En muy poco tiempo, el mundo se ha vuelto incomprensible. Desde que, en septiembre de 2020, una serie cronológica de datos me abrió los ojos a una realidad inconcebible, me estoy devanando los sesos tratando de comprender. No sólo por averiguar el propósito final de este onírico golpe de estado supranacional sino, sobre todo, cómo es posible que el mundo haya emprendido una deriva tan distópica casi insensiblemente. Noticias que hoy nos suenan ya normales eran, hace sólo unos pocos años, delirios de ciencia ficción o síntomas de trastorno mental preocupante.
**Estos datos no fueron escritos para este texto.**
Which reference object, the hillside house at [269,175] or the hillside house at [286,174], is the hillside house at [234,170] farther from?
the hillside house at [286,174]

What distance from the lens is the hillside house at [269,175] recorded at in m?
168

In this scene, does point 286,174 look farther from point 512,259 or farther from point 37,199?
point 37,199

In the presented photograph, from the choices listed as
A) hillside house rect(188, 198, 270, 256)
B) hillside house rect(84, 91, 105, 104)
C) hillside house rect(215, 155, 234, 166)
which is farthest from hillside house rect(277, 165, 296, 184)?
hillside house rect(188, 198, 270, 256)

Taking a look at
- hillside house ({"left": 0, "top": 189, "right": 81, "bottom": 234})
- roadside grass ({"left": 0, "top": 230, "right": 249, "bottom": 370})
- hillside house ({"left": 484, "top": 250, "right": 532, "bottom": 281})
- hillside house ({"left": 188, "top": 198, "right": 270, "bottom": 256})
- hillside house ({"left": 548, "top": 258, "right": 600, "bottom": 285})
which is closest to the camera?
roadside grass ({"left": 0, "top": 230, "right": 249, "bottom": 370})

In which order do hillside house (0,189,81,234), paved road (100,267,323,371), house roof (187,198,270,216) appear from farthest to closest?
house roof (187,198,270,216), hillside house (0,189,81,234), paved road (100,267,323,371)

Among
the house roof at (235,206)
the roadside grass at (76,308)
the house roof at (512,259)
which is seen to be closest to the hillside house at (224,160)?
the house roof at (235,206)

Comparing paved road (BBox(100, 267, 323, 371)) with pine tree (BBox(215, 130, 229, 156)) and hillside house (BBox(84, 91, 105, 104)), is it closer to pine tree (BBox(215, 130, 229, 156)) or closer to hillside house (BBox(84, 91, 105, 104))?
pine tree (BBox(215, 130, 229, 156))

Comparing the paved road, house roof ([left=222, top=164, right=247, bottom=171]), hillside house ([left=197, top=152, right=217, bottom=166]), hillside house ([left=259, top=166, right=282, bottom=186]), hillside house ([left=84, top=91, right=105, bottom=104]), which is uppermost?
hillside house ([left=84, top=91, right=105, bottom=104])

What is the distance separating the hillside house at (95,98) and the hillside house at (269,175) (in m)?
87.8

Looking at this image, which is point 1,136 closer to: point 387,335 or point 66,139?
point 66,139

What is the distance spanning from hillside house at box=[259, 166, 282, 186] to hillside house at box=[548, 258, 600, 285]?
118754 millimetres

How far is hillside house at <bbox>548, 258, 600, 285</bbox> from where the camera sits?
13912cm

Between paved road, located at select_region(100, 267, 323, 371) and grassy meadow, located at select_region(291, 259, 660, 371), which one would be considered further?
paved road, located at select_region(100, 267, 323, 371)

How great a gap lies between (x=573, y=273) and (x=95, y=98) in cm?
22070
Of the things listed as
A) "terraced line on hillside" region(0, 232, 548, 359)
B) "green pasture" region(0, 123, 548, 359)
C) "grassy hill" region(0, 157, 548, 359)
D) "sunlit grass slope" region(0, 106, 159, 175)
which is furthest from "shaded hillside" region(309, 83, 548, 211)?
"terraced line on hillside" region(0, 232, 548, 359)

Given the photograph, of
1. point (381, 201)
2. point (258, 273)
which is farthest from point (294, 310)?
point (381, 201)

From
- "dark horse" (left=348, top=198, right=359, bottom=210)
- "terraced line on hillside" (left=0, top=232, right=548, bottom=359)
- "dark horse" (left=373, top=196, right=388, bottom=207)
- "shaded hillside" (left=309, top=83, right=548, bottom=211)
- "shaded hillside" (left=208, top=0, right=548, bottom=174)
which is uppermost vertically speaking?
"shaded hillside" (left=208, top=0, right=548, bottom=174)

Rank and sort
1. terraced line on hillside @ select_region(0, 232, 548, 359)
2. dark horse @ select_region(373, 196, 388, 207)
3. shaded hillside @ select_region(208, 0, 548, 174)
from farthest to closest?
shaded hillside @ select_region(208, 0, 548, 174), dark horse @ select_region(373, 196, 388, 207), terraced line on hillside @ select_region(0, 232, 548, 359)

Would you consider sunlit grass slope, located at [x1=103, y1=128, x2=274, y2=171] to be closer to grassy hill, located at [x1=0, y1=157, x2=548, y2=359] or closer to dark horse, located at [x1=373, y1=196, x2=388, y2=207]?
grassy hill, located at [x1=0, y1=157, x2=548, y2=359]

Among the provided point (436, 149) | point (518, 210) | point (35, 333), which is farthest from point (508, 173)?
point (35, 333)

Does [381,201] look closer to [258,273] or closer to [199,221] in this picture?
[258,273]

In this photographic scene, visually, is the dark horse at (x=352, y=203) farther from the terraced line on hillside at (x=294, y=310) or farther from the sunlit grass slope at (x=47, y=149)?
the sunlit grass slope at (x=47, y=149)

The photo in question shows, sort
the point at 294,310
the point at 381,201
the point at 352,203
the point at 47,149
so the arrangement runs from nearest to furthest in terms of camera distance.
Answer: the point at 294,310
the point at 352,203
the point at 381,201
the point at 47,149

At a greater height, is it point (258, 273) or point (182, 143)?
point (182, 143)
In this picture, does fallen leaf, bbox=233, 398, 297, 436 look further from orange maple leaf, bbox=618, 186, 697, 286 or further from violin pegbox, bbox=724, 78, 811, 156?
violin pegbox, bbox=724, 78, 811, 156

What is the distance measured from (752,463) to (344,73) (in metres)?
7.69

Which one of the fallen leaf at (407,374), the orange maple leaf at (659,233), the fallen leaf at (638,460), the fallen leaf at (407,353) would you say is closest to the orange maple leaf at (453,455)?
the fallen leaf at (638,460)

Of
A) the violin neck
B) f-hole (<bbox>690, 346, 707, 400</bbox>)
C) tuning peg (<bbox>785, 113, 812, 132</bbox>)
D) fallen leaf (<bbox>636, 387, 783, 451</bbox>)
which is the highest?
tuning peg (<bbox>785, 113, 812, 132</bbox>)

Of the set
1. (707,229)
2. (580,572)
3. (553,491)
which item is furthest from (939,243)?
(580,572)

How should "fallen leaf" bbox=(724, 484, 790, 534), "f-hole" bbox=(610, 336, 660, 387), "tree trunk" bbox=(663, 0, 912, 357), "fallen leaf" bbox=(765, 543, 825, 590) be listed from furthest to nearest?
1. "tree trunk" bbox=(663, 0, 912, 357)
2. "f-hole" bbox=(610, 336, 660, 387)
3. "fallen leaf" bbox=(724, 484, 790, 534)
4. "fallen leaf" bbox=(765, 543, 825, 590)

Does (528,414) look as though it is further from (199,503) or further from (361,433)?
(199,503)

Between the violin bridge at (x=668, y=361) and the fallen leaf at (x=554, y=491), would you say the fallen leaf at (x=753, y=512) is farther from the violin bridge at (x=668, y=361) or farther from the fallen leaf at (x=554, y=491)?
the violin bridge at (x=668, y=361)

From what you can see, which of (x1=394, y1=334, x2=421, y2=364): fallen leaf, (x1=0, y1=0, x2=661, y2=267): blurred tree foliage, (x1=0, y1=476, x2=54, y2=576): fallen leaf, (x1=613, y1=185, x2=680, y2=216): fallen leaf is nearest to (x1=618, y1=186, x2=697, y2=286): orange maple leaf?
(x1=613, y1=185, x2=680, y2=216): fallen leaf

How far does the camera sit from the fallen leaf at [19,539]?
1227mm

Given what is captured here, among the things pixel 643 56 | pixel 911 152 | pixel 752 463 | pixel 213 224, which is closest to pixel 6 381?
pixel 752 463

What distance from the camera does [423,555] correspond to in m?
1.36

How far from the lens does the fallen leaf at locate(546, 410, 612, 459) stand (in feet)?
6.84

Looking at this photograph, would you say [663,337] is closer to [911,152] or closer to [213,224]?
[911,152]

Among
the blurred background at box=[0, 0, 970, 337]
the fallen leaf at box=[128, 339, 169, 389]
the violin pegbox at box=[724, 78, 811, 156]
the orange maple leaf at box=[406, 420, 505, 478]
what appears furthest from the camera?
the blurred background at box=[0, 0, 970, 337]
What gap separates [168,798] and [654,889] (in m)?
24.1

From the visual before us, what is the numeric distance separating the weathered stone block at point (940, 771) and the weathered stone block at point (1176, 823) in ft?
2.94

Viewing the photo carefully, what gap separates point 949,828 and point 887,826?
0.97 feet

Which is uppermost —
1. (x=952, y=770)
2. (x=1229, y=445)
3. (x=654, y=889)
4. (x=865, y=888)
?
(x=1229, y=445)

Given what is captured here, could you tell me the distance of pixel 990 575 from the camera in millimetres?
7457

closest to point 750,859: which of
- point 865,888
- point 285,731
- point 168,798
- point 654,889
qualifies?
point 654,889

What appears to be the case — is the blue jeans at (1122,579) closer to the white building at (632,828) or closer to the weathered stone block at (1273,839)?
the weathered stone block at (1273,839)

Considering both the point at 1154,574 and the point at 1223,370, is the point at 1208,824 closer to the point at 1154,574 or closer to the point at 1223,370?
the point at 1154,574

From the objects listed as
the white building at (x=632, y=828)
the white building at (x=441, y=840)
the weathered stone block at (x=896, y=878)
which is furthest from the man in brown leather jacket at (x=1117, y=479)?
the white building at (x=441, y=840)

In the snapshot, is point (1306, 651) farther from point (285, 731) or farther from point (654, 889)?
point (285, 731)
Y algunos pasajes de Orwell empiezan a parecer fantasías ingenuas de un aficionado.
Países donde las libertades básicas se daban por supuestas se han transformado, en apenas meses, en campos de concentración regidos por bandas de políticos indistinguibles entre sí, que recuerdan a lejanos personajes que creíamos haber dejado atrás --con alivio-- en las páginas de la historia.
¿Cómo ha sido posible todo esto? Hace algunos años vi en un vídeo a un hipnotista que ponía en trance a las personas jugando con la sorpresa. No, no les mostraba un péndulo mientras con voz sosegada los invitaba a relajarse. Simplemente, cuando la otra persona le tendía la mano en ademán de saludo, en el momento del contacto él le decía en voz baja: "¡Duérmete!" Era infalible. Tan infalible que, en el instante en que daba la orden, tenía que extender los brazos para sujetar a aquella persona, que incomprensiblemente obedecía... y se quedaba dormida.
Recuerdo también otra ocasión en que llamaron a mi puerta. Apenas la abrí, un joven con una carpeta me espetó una parrafada incomprensible que evidentemente tenía memorizada. La parrafada terminaba con "Enséñeme su contrato del gas". Anonadado, le pedí que repitiera lo que había dicho y lo repitió palabra por palabra. Cuando comprobé que aquel galimatías era incomprensible le di con la puerta en las narices.
Algún tiempo después, sin embargo, descubrí que había una técnica de hipnosis que consistía exactamente en eso: sumir al interlocutor en un estado de confusión mental y, seguidamente, darle una orden. Conmigo no funcionó, pero confieso que mi primer impulso al oír a aquel mequetrefe fue ir a buscar el contrato del gas.
Esos son los dos ingredientes: sorpresa y confusión. La sorpresa mayúscula creada por una 'pandemia' falsamente apocalíptica y la confusión que desataron los fantasmas de contagio, la persecución del hombre blanco, los discursos de género, la histeria climática y las invasiones civiles a través de las fronteras. Podemos sumarle también (aunque no estoy seguro de que formen parte del mismo plan) los agrios antagonismos creados en poco tiempo por dos guerras sucesivas que han dividido radicalmente a las sociedades mundiales. Incluso a muchas familias.
Visto así, a distancia y en conjunto, todo esto suena a un plan muy estudiado. Escalofriantemente estudiado. Pero lo que realmente ha permitido el salto cuántico que estamos viviendo fueron las medidas radicales que en su momento se ampararon en la 'pandemia'. En pocas semanas, sociedades aceptablemente democráticas, atónitas y desconcertadas, aceptaron implícitamente que los ciudadanos debían estar a las órdenes de los gobiernos, y no a la inversa. Una vez aceptado ese mensaje sin pasar por el filtro del raciocinio, la inversión de papeles se ha instalado en la sociedad. Y continúa imparable, por simple inercia colectiva.
Sé que parece inverosímil. Yo mismo resistí durante meses antes de convencerme de que hay un plan (quizá más de uno) detrás de todo este delirio. Y sólo lo he aceptado cuando he llegado a la conclusión de que no hay ninguna otra explicación posible. (Salvo, quizá, la hipótesis de los extraterrestres, que la navaja de Occam me insta a descartar).
En cualquier caso, la bola de nieve está ya rodando, y nadie sabe cuánto crecerá todavía ni hasta dónde llegará. Ni cómo detenerla. Como sucede con las estampidas, estamos ante un fenómeno de masas irracional que, además, tiene un componente hipnótico. Pensar que es posible detener esa estampida y, al mismo tiempo, despertar del trance parece un derroche de ingenuidad. El tren de la historia está descarrilando y nadie puede adivinar cuándo volverá a tener asientos disponibles.
Tal vez ni siquiera lo saben los que están manejando el cambio de agujas.